What is the main goal of ESG? ›

ESG stands for environmental, social and governance. These are called pillars in ESG frameworks and represent the 3 main topic areas that companies are expected to report in. The goal of ESG is to capture all the non-financial risks and opportunities inherent to a company's day to day activities.

What are the cons of ESG? ›

However, there are also some cons to ESG investing. First, ESG funds may carry higher-than-average expense ratios. This is because ESG investing requires more research and due diligence, which can be costly. Second, ESG investing can be subjective.

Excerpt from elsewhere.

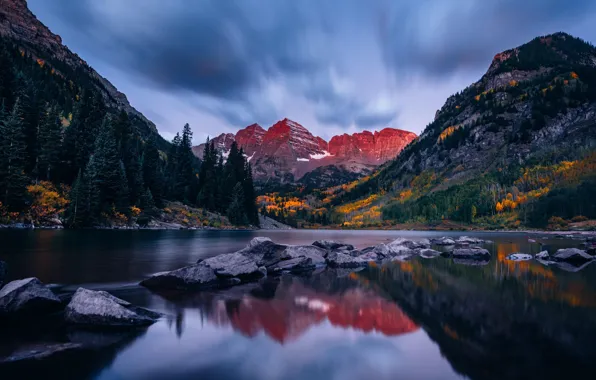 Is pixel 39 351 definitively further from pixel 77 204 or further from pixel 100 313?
pixel 77 204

What are the difficulties with ESG? ›

Transparency and trust concerns: Stakeholders increasingly demand transparency and assurance regarding ESG performance. However, ensuring the accuracy, reliability, and consistency of reported data can be challenging, leading to concerns about greenwashing or misleading information.

Is ESG greenwashing? ›

ESG disclosure mandates & standards likely to spur rise in greenwashing claims in 2024 & beyond. Claims of greenwashing — allegations of fraud related to environmental, social & governance (ESG) matters involving misconduct or misstatements — will emerge more prominently in 2024.

What are the problems with ESG in finance? ›

When occurring, ESG risks will have or may have negative impacts on assets, the financial and earnings situation, or the reputation of a bank. ESG risks include environmental risk, social risk and governance risk and the resulting impact on banks' P&L and liquidity.